Лена отрицательно покачала головой.
– Мы не только не пытались… мы с Сашей… вообще ни разу…
– Тебе нельзя? – после короткой паузы спросил Гриша.
– Теперь-то, наверное, можно… только не могу я…
Она опустила руки, вытерла глаза и повернулась к Грише.
– И вообще, молодой человек, о чем это мы с тобой говорим? Ни рано ли тебе?
– Я знаю?
– Зато я знаю. Знаю, что ты очень много знаешь для своего возраста… знаю, что с тобой можно говорить обо всем и без скидок на возраст… знаю, что никогда ты никому ничего лишнего не скажешь… Только каждый должен нести свой чемодан сам, и никто не может в этом помочь…

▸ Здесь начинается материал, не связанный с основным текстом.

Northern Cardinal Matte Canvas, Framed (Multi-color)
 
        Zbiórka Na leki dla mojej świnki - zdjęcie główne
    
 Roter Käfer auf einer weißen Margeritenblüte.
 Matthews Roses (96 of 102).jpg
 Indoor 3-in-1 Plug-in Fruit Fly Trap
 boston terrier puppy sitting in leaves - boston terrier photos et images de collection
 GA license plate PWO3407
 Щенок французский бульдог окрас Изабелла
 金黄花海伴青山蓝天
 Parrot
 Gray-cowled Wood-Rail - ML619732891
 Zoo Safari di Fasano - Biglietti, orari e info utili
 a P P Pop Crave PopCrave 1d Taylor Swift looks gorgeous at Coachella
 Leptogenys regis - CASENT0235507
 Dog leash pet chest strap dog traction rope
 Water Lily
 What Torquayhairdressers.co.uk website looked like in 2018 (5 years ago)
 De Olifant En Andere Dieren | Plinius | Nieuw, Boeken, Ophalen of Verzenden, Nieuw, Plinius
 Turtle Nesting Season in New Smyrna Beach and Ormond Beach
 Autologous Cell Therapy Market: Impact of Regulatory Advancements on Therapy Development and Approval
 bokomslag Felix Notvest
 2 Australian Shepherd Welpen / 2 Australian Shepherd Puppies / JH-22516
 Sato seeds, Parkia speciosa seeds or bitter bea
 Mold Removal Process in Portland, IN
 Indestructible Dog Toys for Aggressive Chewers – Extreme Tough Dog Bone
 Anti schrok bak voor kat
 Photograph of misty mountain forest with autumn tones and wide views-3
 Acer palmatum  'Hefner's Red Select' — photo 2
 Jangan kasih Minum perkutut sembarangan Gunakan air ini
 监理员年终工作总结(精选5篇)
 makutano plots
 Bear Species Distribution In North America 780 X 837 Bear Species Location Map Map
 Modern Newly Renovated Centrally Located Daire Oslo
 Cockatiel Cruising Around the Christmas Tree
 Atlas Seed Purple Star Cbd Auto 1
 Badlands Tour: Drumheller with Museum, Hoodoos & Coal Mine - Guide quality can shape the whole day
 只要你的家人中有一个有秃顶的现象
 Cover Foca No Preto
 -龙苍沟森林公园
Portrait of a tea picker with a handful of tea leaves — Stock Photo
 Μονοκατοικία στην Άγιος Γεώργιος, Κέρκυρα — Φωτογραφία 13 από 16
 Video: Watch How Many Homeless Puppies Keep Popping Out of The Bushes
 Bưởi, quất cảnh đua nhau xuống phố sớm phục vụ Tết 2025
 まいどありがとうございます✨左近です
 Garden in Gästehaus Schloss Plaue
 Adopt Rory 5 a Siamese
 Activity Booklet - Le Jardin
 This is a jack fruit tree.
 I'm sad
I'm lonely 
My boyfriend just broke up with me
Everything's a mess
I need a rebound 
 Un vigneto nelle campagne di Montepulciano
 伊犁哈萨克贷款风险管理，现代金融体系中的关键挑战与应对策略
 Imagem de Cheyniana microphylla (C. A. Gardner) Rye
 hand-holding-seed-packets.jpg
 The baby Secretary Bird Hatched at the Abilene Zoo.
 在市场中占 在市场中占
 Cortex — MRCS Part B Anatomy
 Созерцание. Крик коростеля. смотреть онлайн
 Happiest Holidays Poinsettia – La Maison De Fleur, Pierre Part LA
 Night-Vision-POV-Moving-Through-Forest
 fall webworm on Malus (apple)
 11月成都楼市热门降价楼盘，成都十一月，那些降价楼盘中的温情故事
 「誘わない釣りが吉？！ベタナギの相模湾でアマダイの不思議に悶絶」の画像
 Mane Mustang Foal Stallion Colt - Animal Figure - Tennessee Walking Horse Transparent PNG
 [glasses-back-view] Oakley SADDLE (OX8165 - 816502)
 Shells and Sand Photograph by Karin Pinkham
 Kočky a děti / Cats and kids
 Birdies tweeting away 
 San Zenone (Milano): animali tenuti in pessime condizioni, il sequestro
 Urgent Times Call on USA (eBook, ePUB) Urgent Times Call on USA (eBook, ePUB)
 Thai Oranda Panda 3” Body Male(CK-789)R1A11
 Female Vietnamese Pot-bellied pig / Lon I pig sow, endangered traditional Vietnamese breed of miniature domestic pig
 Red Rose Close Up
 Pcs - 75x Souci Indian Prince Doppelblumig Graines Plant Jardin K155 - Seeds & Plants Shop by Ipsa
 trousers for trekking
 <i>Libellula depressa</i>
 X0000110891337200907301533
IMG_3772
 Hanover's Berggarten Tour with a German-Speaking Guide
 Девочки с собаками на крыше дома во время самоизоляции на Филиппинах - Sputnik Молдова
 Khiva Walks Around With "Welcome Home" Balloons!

– Чушь собачья! Всегда есть, с кем поделиться, кто поймет и поможет.
– Свиридов! – утвердительно сказала Лена, – Ты прав, есть и с кем поделиться, и кто поймет, и боль душевную разделит, только куда денешься от самой себя?
– А ты откинься, приляг, а я тебе колыбельную спою – ты и успокоишься.
– Гришка, милый ты мой! Какой же ты милый! Так бы и расцеловала всего! Ладно, ладно, не буду – знаю, как ты любишь эти «слюни»…
Она помолчала.
– Ты пошел бы к Саше. А то мы с ним поссорились … не помню даже, из-за чего… Поговори с ним, отвлеки от тяжелых мыслей… Наверняка он сейчас вспоминает…
– Оба вы – два дурака пара. А ну, пошли!
Гриша за руку потащил Лену вперед по салону, подвел к Баранову.